Information provided START

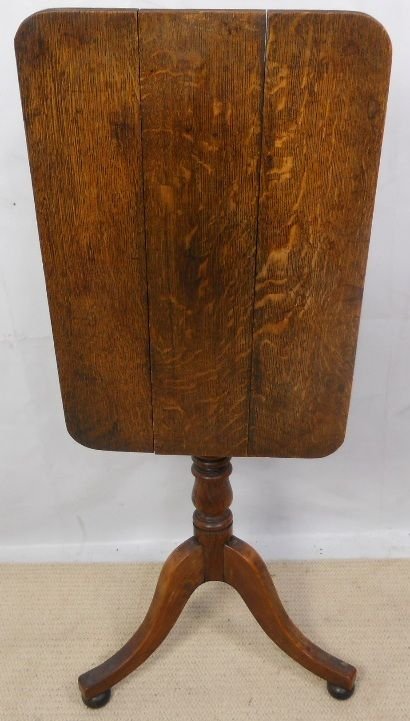 Georgian Oak Rectangular Tilt Top Tripod Table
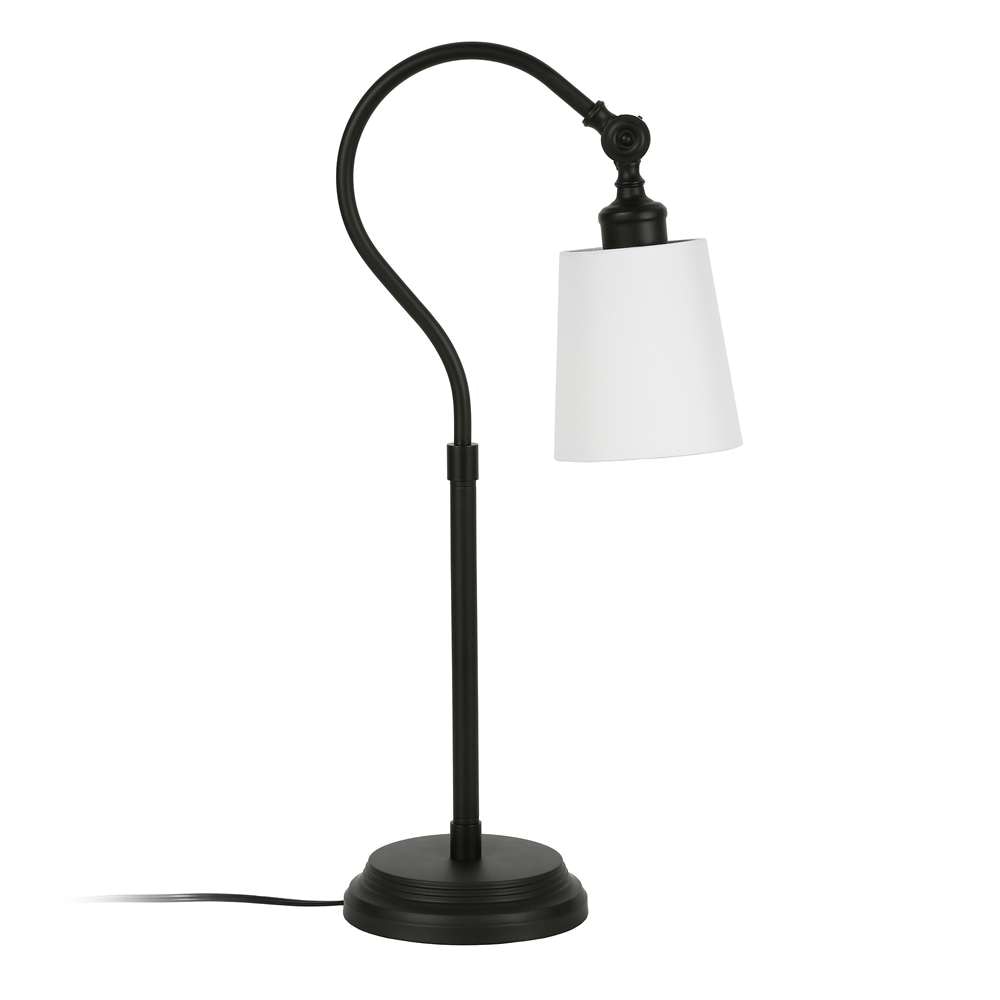 Hudson & Canal - Harland 25in Tall Arc Table Lamp with Fabric Shade in Blackened Bronze/White - TL0331 veiw 3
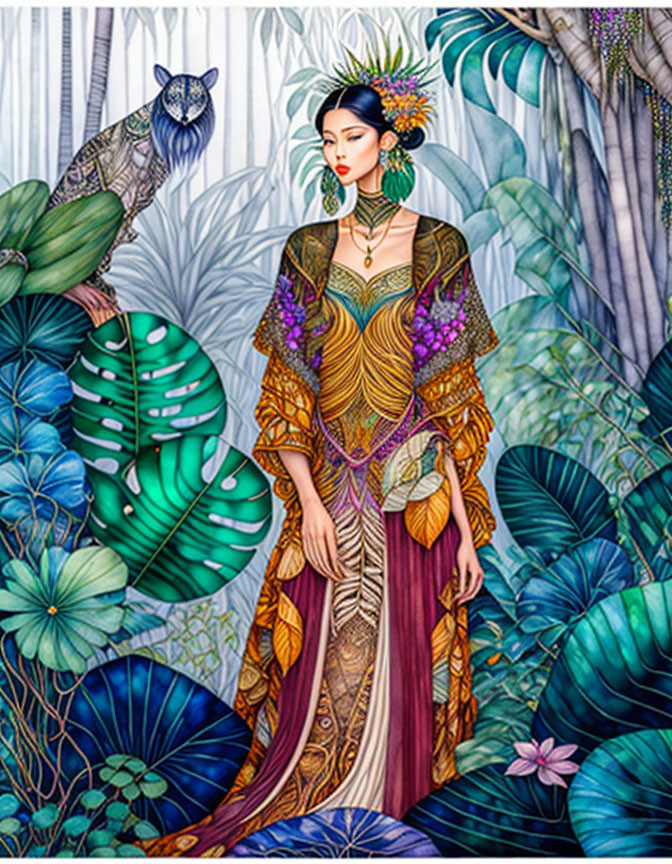 Illustrated woman in vibrant gown with owl in nature setting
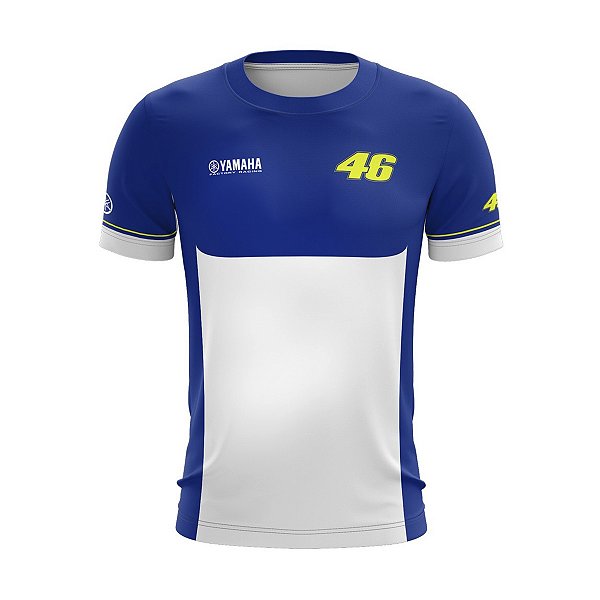 Camiseta de Motociclismo Brk Casual Factory Racing Azul e Branco com Uv 50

Information provided END

Prompt =
The whole listing above needs to be copied exactly; please keep the pictures out.

Solution to the problem =
 Georgian Oak Rectangular Tilt Top Tripod Table
 Hudson & Canal - Harland 25in Tall Arc Table Lamp with Fabric Shade in Blackened Bronze/White - TL0331 veiw 3
 Illustrated woman in vibrant gown with owl in nature setting
 Camiseta de Motociclismo Brk Casual Factory Racing Azul e Branco com Uv 50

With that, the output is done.